Information supplied section start
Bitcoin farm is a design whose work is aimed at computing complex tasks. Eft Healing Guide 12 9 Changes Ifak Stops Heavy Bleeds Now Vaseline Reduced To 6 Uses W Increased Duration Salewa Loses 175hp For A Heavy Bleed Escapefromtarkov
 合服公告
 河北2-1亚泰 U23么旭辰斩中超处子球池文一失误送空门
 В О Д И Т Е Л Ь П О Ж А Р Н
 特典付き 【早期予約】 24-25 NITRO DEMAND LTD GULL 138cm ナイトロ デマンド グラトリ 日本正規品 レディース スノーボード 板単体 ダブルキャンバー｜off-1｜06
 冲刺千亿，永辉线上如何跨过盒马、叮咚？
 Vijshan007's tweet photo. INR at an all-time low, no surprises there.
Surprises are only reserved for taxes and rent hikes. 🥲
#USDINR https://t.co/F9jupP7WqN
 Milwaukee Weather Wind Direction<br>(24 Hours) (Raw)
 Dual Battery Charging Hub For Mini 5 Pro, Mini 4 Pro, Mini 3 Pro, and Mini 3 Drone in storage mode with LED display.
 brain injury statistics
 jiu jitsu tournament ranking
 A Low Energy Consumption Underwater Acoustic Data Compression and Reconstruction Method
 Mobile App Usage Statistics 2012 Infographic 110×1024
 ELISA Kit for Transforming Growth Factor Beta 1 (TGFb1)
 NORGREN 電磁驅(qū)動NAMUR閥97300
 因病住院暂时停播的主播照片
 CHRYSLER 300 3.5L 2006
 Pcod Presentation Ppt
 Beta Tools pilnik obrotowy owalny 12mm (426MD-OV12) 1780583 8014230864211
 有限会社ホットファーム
Information supplied section end
• [What to produce]: Where a line in the entries holds "Beta", copy that line.

• [Result of this task]:
 ELISA Kit for Transforming Growth Factor Beta 1 (TGFb1)
 Beta Tools pilnik obrotowy owalny 12mm (426MD-OV12) 1780583 8014230864211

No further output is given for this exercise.